Among human malignancies, head and neck cancer is the sixth most common cancer in the world.1 More than 40,000 new cases of head and neck squamous cell carcinoma (HNSCC) are diagnosed in the United States each year, with a mortality rate of 12,000 U.S. deaths annually. Survival rates have not improved significantly for patients with HNSCC in the past 30 years despite active clinical and basic science research addressing this issue. Molecular detection of HNSCC in body fluids has the potential to improve post-treatment surveillance, provide prognostic information, and influence therapy. Body fluids can potentially carry whole cells as well as protein, DNA and RNA species that allow for detection of cellular alterations related to cancer. In previous studies, body fluids such as sputum for lung cancer,2 urine for urologic tumors,3 salivary rinses for HNSCC,4–7 and breast fluid for breast cancer8 have been used in multiple detection strategies.9–13
Silencing of tumor suppressor genes by means of promoter hypermethylation plays a role in head and neck carcinogenesis.5 Measuring promoter hypermethylation by using real time quantitative methylation-specific PCR (Q-MSP) allows an objective, robust, and rapid assessment of promoter methylation status. The ability to quantify methylation provides the potential for determination of a clinically meaningful threshold value of methylation to improve sensitivity and specificity in detection of tumor-specific signals.14–17
In this study, we evaluated the epigenetic changes in head and neck squamous cell carcinoma (HNSCC) by investigating promoter hypermethylation in a panel of 10 genes (KIF1A, EDNRB, CDH4, TERT, CD44, NISCH, PAK3, VGF, MAL and FKBP4) via a candidate gene approach. We sought to determine if a novel panel of promoter hypermethylation markers would result in an improved ability to detect epigenetic changes associated with HNSCC in salivary rinses from patients with HNSCC.
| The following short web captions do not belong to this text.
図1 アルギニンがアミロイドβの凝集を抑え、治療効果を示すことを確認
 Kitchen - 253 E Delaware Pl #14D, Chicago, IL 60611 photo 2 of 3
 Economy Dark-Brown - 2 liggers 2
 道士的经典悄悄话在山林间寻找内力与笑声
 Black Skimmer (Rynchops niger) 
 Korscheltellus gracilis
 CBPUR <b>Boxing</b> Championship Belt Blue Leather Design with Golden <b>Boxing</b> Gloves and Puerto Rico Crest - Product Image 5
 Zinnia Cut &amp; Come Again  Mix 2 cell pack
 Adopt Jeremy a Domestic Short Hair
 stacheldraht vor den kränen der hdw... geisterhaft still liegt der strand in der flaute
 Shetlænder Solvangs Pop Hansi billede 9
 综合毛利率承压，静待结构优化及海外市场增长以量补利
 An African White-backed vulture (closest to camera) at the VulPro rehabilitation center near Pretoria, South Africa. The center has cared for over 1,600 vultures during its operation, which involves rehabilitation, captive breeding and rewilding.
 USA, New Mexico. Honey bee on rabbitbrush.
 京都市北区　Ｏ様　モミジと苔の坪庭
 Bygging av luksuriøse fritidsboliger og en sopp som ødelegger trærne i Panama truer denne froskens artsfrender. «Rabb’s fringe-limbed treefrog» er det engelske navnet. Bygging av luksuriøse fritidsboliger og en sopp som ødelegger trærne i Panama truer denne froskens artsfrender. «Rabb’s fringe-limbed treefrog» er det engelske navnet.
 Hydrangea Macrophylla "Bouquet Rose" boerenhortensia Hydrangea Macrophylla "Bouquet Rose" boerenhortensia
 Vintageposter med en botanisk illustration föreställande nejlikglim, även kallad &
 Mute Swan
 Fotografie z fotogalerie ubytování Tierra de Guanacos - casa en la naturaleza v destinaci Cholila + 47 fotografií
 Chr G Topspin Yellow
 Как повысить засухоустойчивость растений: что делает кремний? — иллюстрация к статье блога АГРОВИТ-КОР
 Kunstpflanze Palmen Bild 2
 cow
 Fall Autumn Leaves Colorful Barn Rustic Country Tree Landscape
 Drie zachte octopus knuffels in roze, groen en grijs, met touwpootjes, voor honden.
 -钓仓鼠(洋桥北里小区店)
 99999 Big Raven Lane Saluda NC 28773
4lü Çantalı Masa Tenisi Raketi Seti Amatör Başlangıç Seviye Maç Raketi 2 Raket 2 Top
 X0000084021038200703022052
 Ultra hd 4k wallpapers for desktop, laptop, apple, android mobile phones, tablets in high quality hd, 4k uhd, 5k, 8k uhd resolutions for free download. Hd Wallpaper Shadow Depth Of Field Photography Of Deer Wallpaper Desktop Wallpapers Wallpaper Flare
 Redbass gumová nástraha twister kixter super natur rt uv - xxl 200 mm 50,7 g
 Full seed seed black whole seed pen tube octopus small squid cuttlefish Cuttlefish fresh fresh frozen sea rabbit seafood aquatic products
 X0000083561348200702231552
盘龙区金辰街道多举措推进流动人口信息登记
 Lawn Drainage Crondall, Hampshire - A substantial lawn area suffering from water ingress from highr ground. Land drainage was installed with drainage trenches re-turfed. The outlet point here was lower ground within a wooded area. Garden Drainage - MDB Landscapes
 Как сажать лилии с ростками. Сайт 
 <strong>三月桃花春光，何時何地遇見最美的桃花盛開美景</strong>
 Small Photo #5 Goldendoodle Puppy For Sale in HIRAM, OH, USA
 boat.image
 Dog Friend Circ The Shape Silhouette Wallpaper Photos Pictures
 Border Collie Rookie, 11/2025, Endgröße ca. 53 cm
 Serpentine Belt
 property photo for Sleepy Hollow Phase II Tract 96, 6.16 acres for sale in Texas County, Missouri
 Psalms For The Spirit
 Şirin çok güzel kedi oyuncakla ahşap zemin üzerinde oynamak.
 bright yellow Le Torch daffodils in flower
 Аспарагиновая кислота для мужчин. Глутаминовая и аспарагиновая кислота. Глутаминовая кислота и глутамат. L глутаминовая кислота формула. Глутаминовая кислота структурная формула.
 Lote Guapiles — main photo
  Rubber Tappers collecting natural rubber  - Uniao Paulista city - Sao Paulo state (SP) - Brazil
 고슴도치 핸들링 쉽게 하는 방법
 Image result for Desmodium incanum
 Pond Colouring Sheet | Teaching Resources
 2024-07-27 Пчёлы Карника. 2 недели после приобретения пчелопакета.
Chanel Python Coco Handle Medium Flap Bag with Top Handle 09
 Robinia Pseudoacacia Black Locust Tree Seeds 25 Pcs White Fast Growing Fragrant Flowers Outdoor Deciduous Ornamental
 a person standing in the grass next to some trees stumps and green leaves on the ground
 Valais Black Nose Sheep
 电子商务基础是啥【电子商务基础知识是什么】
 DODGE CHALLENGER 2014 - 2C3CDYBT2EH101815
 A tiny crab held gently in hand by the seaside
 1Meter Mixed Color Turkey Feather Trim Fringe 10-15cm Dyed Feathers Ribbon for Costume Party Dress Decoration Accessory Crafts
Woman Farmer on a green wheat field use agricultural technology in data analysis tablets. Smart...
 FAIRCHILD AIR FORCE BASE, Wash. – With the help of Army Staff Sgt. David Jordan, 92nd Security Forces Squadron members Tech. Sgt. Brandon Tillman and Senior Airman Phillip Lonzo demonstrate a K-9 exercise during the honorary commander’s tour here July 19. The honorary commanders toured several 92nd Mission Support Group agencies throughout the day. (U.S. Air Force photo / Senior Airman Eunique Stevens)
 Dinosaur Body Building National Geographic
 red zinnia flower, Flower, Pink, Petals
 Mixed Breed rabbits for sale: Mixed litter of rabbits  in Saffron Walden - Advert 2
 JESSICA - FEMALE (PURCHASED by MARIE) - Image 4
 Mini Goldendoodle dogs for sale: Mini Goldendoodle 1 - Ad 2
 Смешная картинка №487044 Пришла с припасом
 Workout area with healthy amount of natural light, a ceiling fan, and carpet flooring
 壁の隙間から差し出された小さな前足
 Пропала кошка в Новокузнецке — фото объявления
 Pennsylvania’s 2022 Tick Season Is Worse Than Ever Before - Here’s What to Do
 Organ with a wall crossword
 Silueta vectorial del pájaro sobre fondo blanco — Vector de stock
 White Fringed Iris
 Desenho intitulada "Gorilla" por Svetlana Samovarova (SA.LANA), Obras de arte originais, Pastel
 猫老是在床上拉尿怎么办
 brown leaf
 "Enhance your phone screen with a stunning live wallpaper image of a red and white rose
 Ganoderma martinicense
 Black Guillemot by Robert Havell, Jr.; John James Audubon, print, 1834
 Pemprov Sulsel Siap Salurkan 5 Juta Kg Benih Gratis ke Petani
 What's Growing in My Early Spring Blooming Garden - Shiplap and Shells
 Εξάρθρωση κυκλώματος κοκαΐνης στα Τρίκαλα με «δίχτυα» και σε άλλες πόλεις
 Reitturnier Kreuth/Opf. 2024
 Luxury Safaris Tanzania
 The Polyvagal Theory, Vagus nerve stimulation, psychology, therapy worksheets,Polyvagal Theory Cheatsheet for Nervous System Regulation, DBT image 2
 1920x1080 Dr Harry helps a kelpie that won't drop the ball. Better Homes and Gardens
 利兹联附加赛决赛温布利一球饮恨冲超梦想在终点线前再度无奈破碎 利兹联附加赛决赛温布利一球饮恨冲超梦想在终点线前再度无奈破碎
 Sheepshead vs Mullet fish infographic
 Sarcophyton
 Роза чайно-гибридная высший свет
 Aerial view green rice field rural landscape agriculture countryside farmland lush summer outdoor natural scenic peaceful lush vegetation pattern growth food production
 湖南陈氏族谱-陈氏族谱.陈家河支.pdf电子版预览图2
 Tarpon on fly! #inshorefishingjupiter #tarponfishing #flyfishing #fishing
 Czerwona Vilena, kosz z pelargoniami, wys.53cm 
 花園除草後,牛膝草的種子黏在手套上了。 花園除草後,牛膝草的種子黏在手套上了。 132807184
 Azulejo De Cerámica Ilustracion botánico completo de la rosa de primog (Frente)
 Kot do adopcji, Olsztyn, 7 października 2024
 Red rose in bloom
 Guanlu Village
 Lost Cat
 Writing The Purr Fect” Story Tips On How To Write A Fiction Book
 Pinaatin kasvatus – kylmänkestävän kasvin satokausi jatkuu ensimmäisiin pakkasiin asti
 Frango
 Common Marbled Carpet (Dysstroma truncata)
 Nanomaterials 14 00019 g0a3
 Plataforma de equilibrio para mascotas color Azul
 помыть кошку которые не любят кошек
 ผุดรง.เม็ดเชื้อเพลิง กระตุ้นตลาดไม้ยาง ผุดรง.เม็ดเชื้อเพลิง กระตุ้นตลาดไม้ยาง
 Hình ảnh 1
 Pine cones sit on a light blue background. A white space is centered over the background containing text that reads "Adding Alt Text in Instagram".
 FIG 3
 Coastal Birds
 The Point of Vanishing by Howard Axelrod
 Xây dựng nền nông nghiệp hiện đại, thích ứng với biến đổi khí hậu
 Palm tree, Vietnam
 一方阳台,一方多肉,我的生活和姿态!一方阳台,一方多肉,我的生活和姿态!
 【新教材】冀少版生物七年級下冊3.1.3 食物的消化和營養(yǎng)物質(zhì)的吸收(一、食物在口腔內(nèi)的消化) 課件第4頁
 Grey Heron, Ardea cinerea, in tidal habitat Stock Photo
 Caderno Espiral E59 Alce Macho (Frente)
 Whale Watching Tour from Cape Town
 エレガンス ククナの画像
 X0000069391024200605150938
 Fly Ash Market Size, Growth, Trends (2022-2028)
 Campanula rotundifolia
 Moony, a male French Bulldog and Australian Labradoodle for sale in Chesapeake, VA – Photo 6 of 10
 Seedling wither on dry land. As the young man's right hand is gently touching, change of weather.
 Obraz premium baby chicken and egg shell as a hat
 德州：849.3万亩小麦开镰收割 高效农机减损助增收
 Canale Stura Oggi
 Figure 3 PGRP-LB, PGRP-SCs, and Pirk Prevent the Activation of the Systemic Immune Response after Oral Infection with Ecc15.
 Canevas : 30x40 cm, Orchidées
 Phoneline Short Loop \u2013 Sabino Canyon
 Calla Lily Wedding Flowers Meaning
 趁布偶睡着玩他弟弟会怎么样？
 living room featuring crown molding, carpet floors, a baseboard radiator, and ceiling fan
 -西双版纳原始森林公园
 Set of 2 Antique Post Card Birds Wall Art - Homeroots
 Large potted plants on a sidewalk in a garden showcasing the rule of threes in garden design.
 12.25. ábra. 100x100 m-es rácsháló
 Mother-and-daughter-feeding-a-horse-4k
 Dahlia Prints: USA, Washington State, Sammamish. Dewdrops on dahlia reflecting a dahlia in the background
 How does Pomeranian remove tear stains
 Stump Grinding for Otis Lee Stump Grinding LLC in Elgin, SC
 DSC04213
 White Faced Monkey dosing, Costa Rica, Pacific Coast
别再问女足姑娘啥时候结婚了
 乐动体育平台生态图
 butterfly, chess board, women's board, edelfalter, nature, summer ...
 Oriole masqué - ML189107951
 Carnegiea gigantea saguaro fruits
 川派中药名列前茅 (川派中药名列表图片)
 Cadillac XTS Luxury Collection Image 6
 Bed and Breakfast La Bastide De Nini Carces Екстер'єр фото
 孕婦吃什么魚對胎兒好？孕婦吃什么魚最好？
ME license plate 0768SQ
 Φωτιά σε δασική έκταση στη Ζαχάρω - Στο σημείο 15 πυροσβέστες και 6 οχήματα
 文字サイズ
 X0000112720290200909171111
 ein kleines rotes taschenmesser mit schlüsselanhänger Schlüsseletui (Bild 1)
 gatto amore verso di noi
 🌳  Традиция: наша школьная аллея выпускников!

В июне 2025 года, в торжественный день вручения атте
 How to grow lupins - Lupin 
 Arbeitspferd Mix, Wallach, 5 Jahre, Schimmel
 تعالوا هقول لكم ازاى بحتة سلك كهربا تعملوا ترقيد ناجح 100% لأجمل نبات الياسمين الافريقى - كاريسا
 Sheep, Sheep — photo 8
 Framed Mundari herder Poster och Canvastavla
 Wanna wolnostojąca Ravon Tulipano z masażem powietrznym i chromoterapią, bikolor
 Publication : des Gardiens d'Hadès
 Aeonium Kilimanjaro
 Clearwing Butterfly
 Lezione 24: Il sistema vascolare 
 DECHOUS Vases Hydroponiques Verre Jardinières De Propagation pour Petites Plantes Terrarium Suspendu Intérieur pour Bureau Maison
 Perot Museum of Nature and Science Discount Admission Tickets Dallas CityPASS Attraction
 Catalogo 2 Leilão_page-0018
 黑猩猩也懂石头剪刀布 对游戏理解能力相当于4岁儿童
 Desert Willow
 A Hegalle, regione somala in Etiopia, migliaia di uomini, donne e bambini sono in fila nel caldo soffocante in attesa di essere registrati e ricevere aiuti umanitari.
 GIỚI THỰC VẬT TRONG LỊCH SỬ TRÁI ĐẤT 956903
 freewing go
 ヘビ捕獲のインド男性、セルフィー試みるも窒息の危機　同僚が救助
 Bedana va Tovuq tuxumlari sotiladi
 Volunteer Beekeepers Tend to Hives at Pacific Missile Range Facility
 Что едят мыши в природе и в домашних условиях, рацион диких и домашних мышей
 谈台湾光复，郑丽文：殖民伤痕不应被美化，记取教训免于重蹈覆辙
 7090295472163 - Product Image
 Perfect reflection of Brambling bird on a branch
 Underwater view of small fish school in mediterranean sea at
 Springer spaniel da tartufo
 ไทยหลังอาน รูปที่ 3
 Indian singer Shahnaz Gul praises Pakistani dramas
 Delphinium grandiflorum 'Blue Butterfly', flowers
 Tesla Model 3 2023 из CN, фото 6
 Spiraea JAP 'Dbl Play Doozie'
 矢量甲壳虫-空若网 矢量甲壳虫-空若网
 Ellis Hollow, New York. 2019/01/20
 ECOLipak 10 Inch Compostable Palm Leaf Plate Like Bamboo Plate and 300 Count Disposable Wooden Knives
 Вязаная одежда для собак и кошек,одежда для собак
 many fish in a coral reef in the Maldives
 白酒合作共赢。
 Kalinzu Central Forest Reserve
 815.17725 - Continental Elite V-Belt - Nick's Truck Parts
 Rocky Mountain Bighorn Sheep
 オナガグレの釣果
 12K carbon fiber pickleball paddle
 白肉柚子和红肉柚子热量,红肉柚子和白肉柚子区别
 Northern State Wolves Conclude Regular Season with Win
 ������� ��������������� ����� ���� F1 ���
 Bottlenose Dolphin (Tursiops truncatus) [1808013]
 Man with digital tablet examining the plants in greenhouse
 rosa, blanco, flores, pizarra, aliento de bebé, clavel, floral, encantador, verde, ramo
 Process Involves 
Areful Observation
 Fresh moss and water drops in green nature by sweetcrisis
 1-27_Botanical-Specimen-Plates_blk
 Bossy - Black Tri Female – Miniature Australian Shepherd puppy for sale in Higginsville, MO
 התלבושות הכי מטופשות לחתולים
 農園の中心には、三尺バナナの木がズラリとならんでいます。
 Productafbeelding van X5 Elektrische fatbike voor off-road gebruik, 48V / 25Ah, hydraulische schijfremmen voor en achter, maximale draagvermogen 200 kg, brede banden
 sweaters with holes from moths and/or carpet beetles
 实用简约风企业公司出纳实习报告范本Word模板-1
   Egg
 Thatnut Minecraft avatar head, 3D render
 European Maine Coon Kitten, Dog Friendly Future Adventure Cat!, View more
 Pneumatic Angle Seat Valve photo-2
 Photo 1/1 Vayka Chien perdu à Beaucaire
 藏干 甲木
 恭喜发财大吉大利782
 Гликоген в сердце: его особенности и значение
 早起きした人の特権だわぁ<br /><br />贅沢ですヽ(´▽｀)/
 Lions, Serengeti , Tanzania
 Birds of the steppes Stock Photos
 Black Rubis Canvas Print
In this study, we were able to show differential promoter hypermethylation in HNSCC patients compared with normal individuals’ salivary rinses. We then compared promoter hypermethylation of KIF1A with that of EDNRB, finding a significant association between methylation of promoter regions of these genes. Promoter hypermethylation for both of these genes was then examined for association with clinical parameters.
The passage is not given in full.